When high-profile lawyer Janhavi Gadkar rammed her Audi into a taxi in Mumbai, allegedly
causing the death
of two people, her blood alcohol level was six times the legal limit.
But police did not arrest her on the spot. Instead, they detained her and arrested her after producing her in a court the next day.
This was one of a growing number of instances involving drunk women, who may pose a danger to themselves and others, wherein policemen were confused about the law governing the arrest of women.
Retired Supreme Court judge Deepak Verma said the police in Mumbai followed procedures as best as they could.
“They did not arrest her but only detained her. After she was produced in a court, she was arrested. As long as a woman officer was present, this is the correct way,” he said.
The law is clear, even if people are not clear on it. Women can be arrested at night, provided the circumstances are exceptional, by a woman police officer with prior permission from a judicial magistrate.
The confusion is understandable as the law does not make it clear whether a woman must also be arrested by a female officer during the day. It is also unclear what procedure the police will follow when there are no women officers on duty as was the case with Gadkar.
Some feel women should not be allowed to take advantage of the exceptions in law carved out for their security.
Senior advocate Rebecca John said: “A woman is entitled to the protection that the law gives her…which came about due to innumerous cases where the fairer sex had been compromised by those entrusted with it but not abuse it as a privilege.”
John said protection is not the same as privilege and those committing serious crimes must be treated equally, regardless of gender.
Under the Motor Vehicles Act, a person convicted of drunken driving can be given a jail term of up to six months. Causing death while driving inebriated can attract a charge of culpable homicide that can entail imprisonment of up to 10 years.
Gadkar’s case may well be an echo of the 2010 case of Nooriya Haveliwala, a US national who was given a five-year jail term after being convicted of mowing down two men in a drink driving incident, and more recently, the case of Aarti Shetty who was booked for drink drinking in 2012.
Haveliwala was sentenced to five years in jail in 2012 but the Bombay high court granted her bail four months later.
In Shetty’s case, one person was killed and three others were injured. She was booked under Section 304 (a) of the Indian Penal Code (causing death by negligence) that carries a maximum jail term of two years. With the case pending in court, she is currently free on bail.
Experts believe Gadkar’s case should not centre round the accused’s gender.
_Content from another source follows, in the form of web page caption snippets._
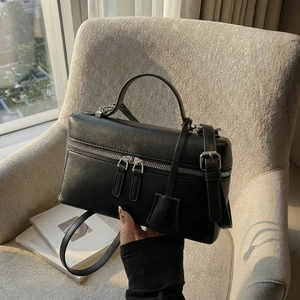 Détails d'un sac à main carré noir avec ferrures argentées et cuir synthétique lisse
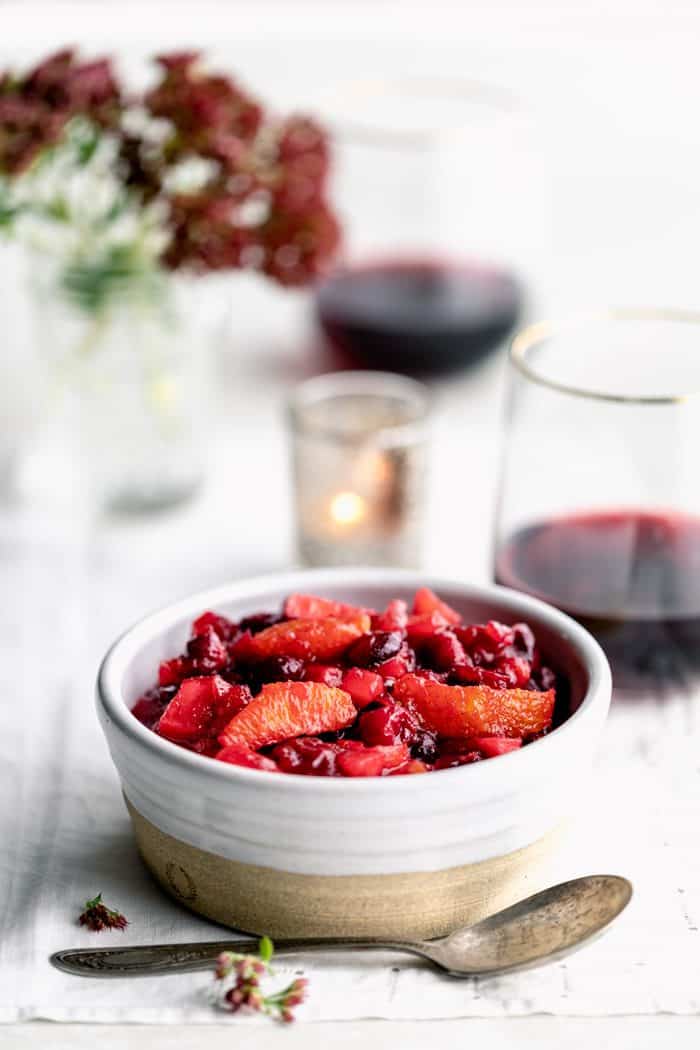 a side view of cranberry sauce in a white farmhouse pottery bowl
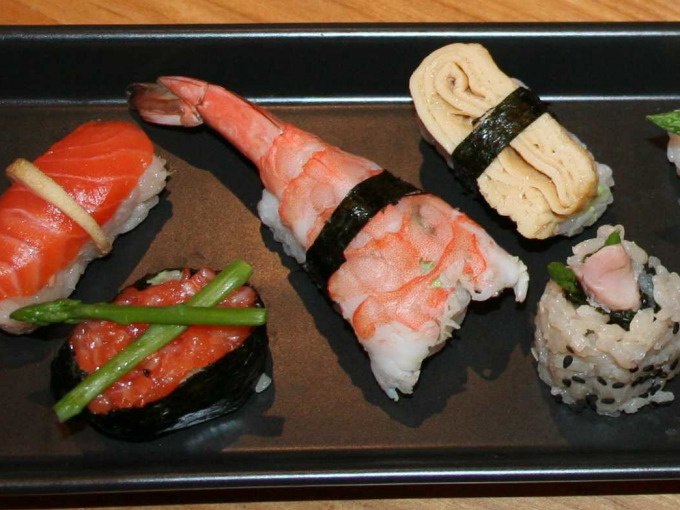 Ein schwarzer Teller mit verschiedenen Sushi-Varianten, darunter Lachs, Garnele, Omelett und Reisrollen, dekoriert mit Spargel und Algen., © Kultweine-Kochwelten-Kunstücke - Kochschule Sonja Lenz Ein schwarzer Teller mit verschiedenen Sushi-Varianten, darunter Lachs, Garnele, Omelett und Reisrollen, dekoriert mit Spargel und Algen., © Kultweine-Kochwelten-Kunstücke - Kochschule Sonja Lenz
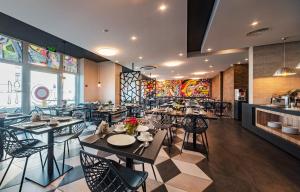 un restaurante con mesas y sillas en una habitación en Amarant Apart Hotel by CHM en Kiev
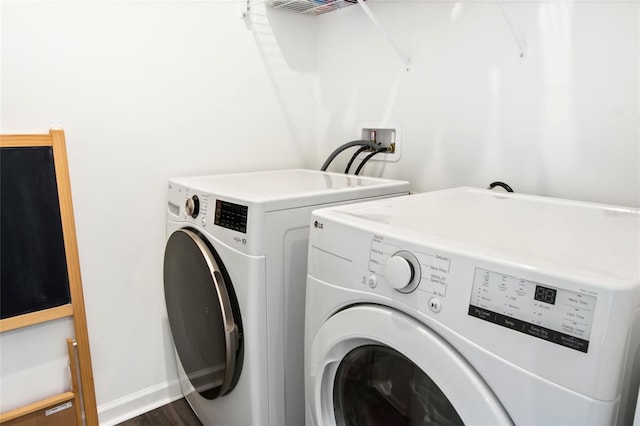 washroom with dark hardwood / wood-style floors and washing machine and clothes dryer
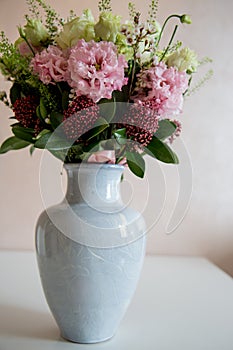 Bunch of elegant flowers in vase as love or Valentines day attribute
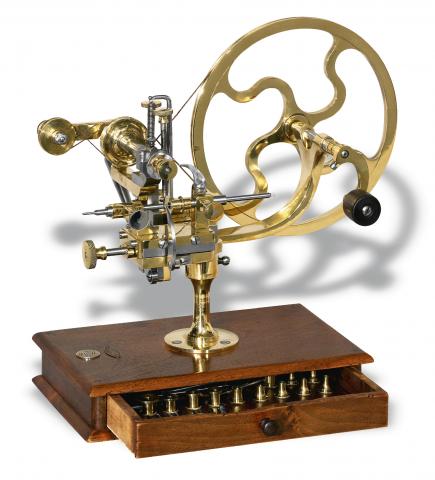 Rounding-Up Tool.Retailed by Sandoz Fils Co., La Chaux-de- Fonds.Bienne, No. 5367, Swiss. Made in the late 19th century..Fine, brass and steel rounding-up tool on wooden base with.selection of cutting wheels.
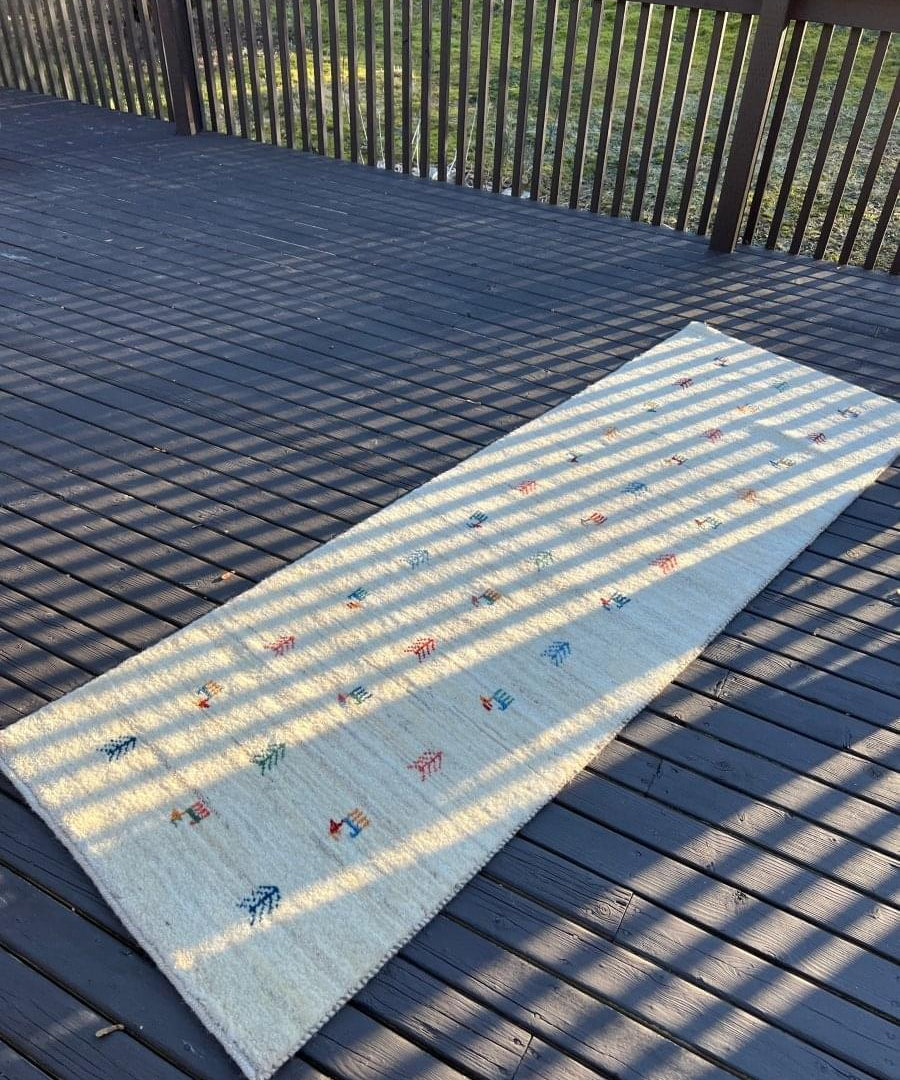 Persian Gabbeh-style runner with light blue field and small multicolor animal motifs
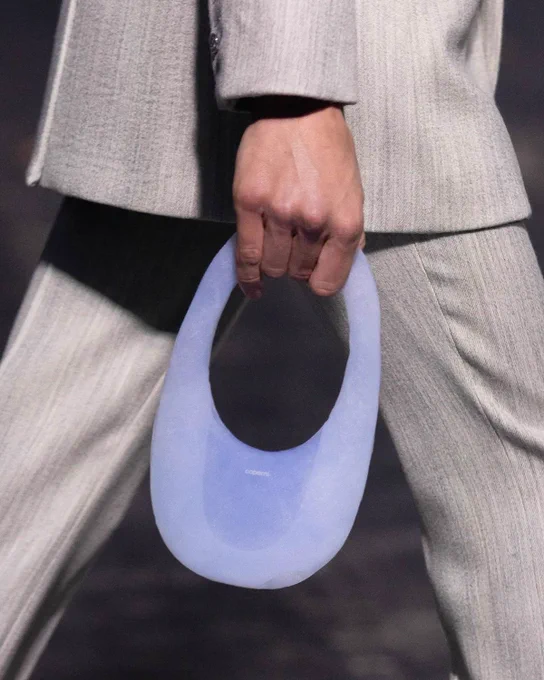 A model holds a small purse made of aerogel, with a softly transparent blue color and adorned with the logo of the Coperni fashion brand.
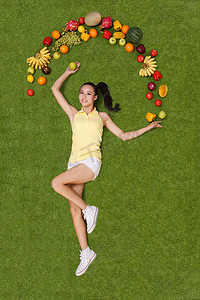 年轻女子躺在草地上手托着水果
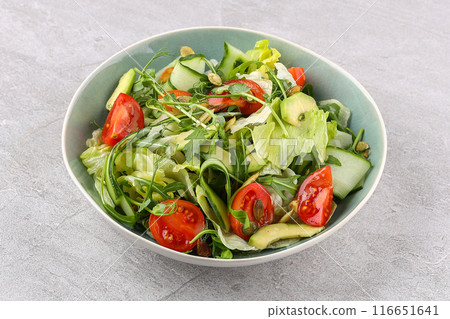 salad with tomatoes and cucumbers on a stone background, studio food photography 1 116651641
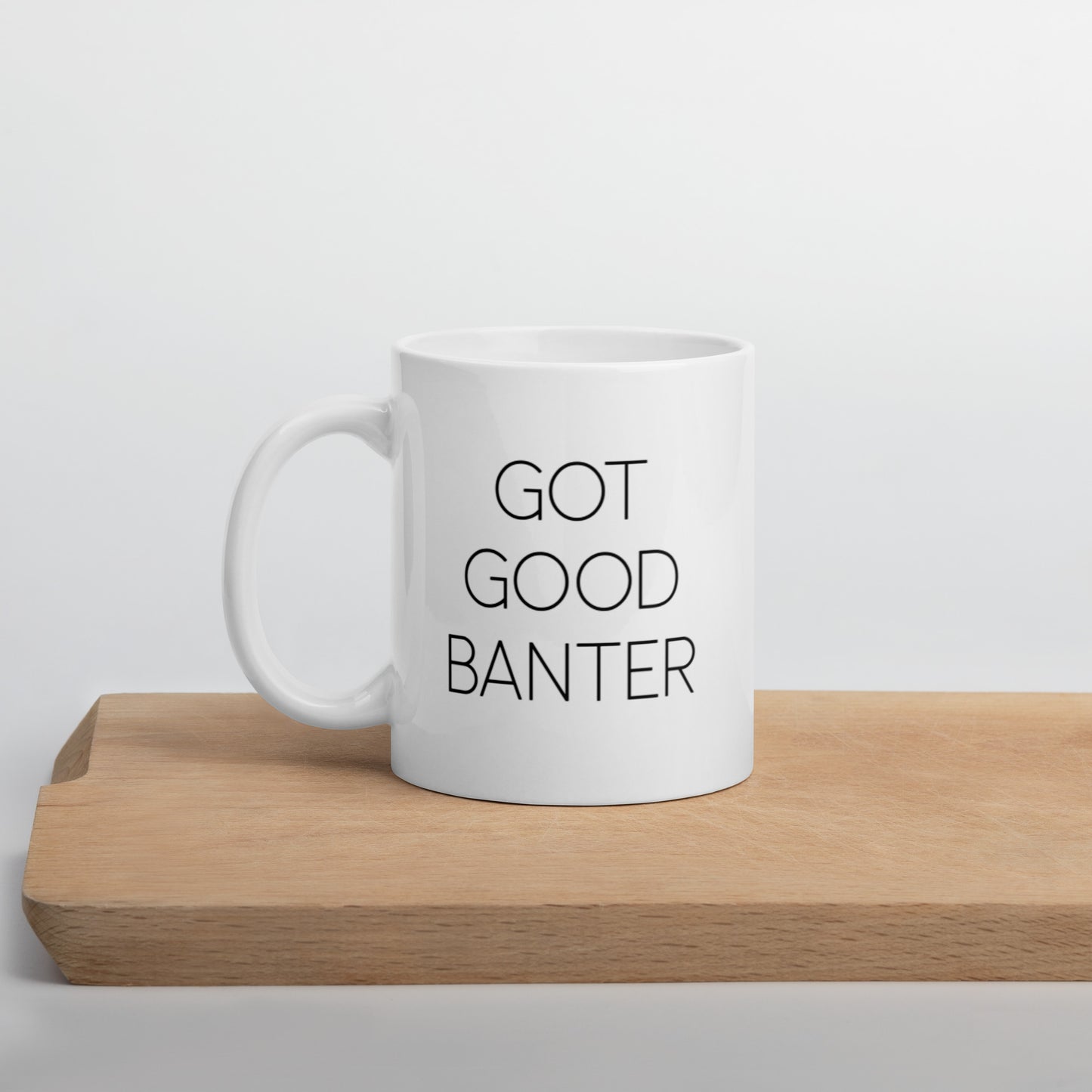 A glossy white ceramic mug with thin, all-caps black sans serif font that reads 'GOT GOOD BANTER', positioned on a wooden cutting board against a neutral background.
“She is entitled to the protection given by the law to women but is not entitled to any special privileges simply by the fact of her gender,” John said.
In Delhi , getting away with drink driving may be easier if you're a woman. The traffic police prosecuted a total of 5,523 people for the offence through special drives this year, but only a dozen offenders were women.
The fact that the traffic police department has only four women inspectors out in the field may have something to do with this.
Special commissioner of police (traffic) Muktesh Chander said gender is not a criterion for prosecution but the presence of women officers is preferred when women are stopped for checks - especially late at night and for breathalyser tests - to avoid any legal hassles.
Hindustan Times spoke to several traffic policemen deployed for the special drives and they said tests were generally conducted very late at night and police often let women go even if they were seemingly drunk.
Traffic experts pointed to the larger problem.
"Especially in cities like Delhi, many women drink and drive just like men do but the repercussions for them are not as severe because of various social issues. A woman is somehow never suspected of mischief. Even at late-night pickets, if you have a woman sitting with you in a car, you are rarely stopped," said Suraj Sinha, a traffic expert working with road accident victims.